Social protection. As the job market recovers, spending on means-tested social assistance and unemployment insurance will decline automatically. Countries may also wish to scale back structural changes (e.g., eligibility) to unemployment benefits and other direct transfers introduced during earlier phases of the pandemic with an eye to preserving fiscal sustainability. In some cases, political economy constraints may make this process difficult. Country teams could also assess the effectiveness and efficiency of those measures in the context of social objectives and discuss the appropriate timeline for phasing out those that will not drive better social outcomes during the recovery. Conversely, the recovery may be a time to consider introducing alternative social spending measures that can minimize the long-term scarring effects of the crisis. For example, additional spending on active labor market policies may be warranted to get low-skilled workers back into the labor force.
Education. Education budgets may also need to be bolstered to make up for any learning loss during the lockdown period. Learning interruptions during the lockdown will inevitably impact student achievement during the recovery. It is likely that the impact will be both large and unequally distributed, with students from poor and vulnerable households suffering the highest learning loss.

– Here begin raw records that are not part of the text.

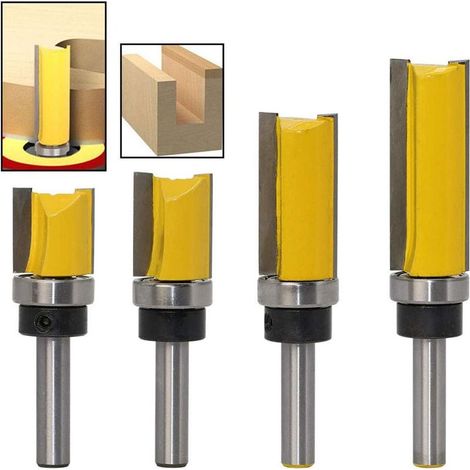 Juego de 4 fresas para router de copia, fresa recta al ras, vástago de 8 mm, diámetro de 19,05 mm, con rodamiento en el vástago, herramientas de fresado para carpintería DIY (1/5)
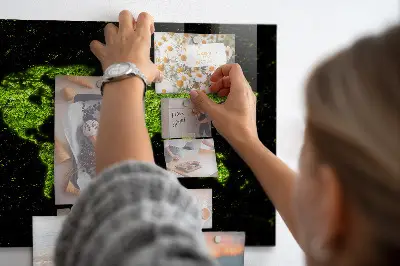 Magnetic Glass Dry Erase World Map Board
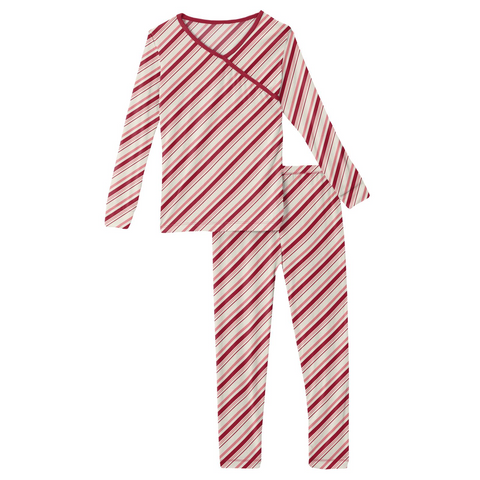 Kickee Pants Print Long Sleeve Kimono Pajama Set - Strawberry Candy Cane Stripe - Let Them Be Little, A Baby & Children's Clothing Boutique
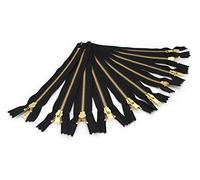 YKK Golden Brass Zippers No. 5 Metal 10 inch Zips in Black Pack of 12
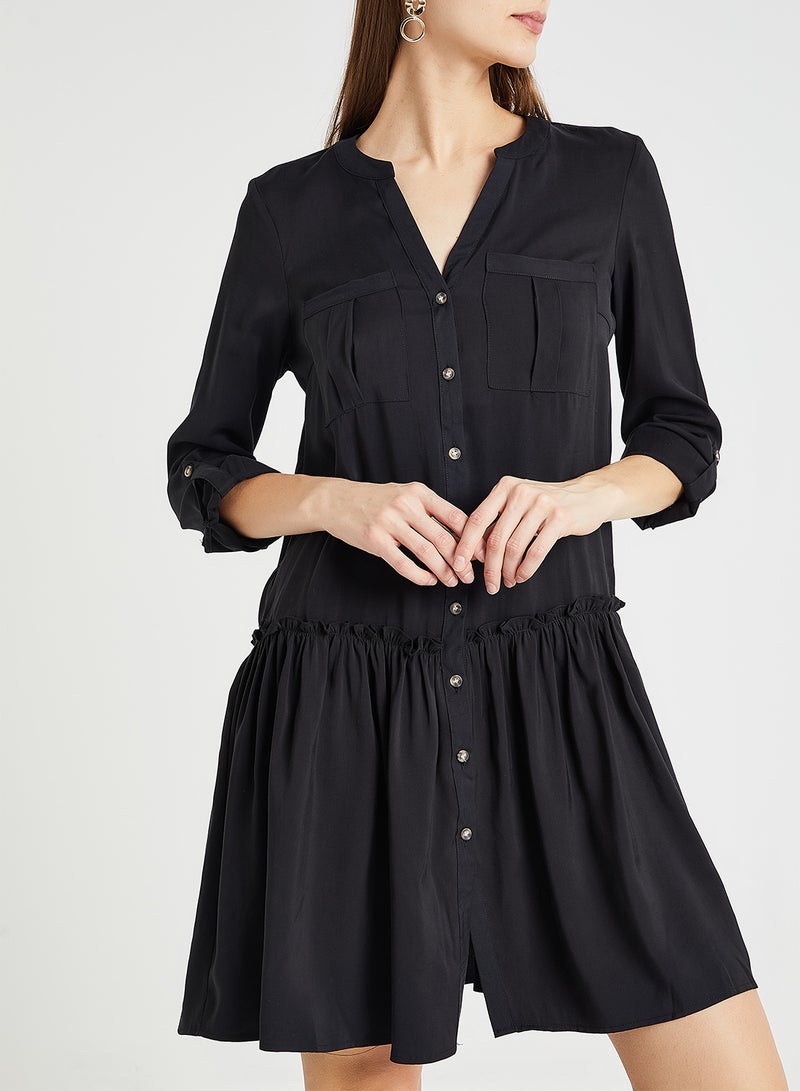 Gather Detailed Dress Black - v1585058668/N36003041V_1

How should teams engage on social spending during the recovery?
Engagement during the recovery phase—when the uncertainty has diminished—may resemble previous engagement in countries following economic crisis and macroeconomic stabilization. Discussions with the authorities should center around a well-articulated pandemic recovery plan, which could include reforms to strengthen social spending systems for the longer term by improving identification and delivery systems. Collaboration with IDIs or IMF technical assistance could ensure that the plan meets the country’s needs and enhances resilience to health risks, including through macro-critical preparedness measures. Country teams should refer to the Strategy for IMF Engagement on Social Spending for how and when to engage on social spending in both surveillance and program cases.